Using heapq.nsmallest() (Python Standard Library)
Python's built-in heapq module provides nsmallest(), which uses a heap data structure to efficiently find the k smallest elements. This works on any iterable and doesn't require NumPy.
import numpy as np
import heapq
arr = np.array([23, 12, 1, 3, 4, 5, 6])
k = 4
result = heapq.nsmallest(k, arr.tolist())
print("Array:", arr)
print(f"{k} smallest elements:", result)
Output:
Array: [23 12 1 3 4 5 6]
4 smallest elements: [1, 3, 4, 5]
heapq.nsmallest() returns a sorted Python list, not a NumPy array. It requires converting the NumPy array to a list first (.tolist()), which adds overhead. For NumPy workflows, prefer np.partition() or np.argpartition().

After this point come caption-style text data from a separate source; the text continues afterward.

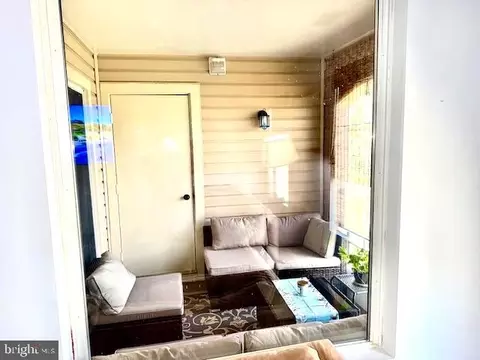 Exterior - 30 J Hearthstone Ct #J, Annapolis, MD 21403 photo 5 of 9
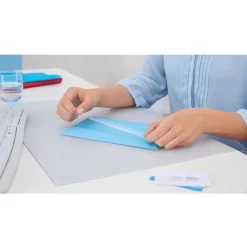 Tesa Klebefilmabroller 57320, Rot/blau, Wandabroller Für Kleberollen 15mm X 33m -Produkte Für Zuhause c3ff05e94655f62aba9040919500d00ed3d45639 klebefilmabroller tesa 57320 rotblau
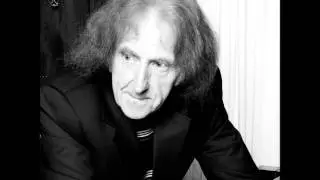 Only Make Believe - Stewart Dudley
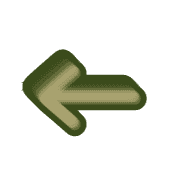 263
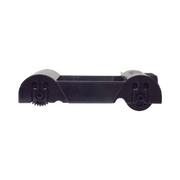 CUBIERTA ADICIONAL PARA RIBBON PARA SMART 51-Identificación y Credencialización-IDP-Bsai Seguridad & Controles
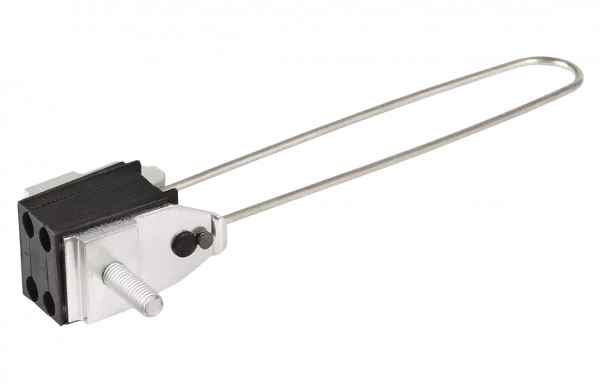 Зажим анкерный PA-158-ССД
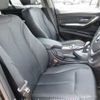 bmw 3-series 2012 CFJ1360850 image 10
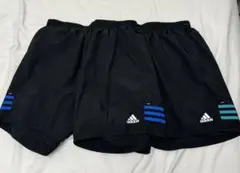 しゅうぎん様 リクエスト 2点 まとめ商品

Practical Example: Finding K Smallest in a 2D Array
In real-world scenarios, you might need the k smallest values from a multi-dimensional array. Here's how to handle that:
import numpy as np
# 2D array of sensor readings
data = np.array([
[45, 12, 67],
[3, 89, 23],
[56, 7, 41]
])
k = 4
# Flatten, find k smallest, then sort
flat = data.ravel()
result = np.sort(np.partition(flat, k)[:k])
print("2D Array:")
print(data)
print(f"\n{k} smallest values across entire array:", result)
Output:
2D Array:
[[45 12 67]
[ 3 89 23]
[56 7 41]]
4 smallest values across entire array: [ 3 7 12 23]
Comparison of Approaches
| Method | Time Complexity | Returns Sorted? | Returns Indices? | Best For |
|---|---|---|---|---|
np.partition() | O(n) | ❌ | ❌ | Large arrays (recommended) |
np.argpartition() | O(n) | ❌ | ✅ | When you need positions |
np.sort() | O(n log n) | ✅ | ❌ | Small arrays or full sort needed |
heapq.nsmallest() | O(n log k) | ✅ | ❌ | Non-NumPy workflows |
Finding the K Largest Values
All these methods work for finding the k largest values too - simply adjust the approach:
import numpy as np
arr = np.array([23, 12, 1, 3, 4, 5, 6])
k = 3
# K largest using np.partition()
result = np.partition(arr, -k)[-k:]
print(f"{k} largest elements:", np.sort(result))
Output:
3 largest elements: [ 6 12 23]
Using -k as the partition index places the k largest elements at the end of the partially sorted array.
Conclusion
For finding the k smallest values in a NumPy array, np.partition() is the best choice for most scenarios - it runs in linear time and scales efficiently to large datasets.
- Use
np.argpartition()when you also need the indices of those elements. - Fall back to
np.sort()for simplicity on small arrays. - Use
heapq.nsmallest()when working outside the NumPy ecosystem.
Remember that np.partition() doesn't guarantee sorted order within the k elements, so add a secondary sort on the result if ordering matters.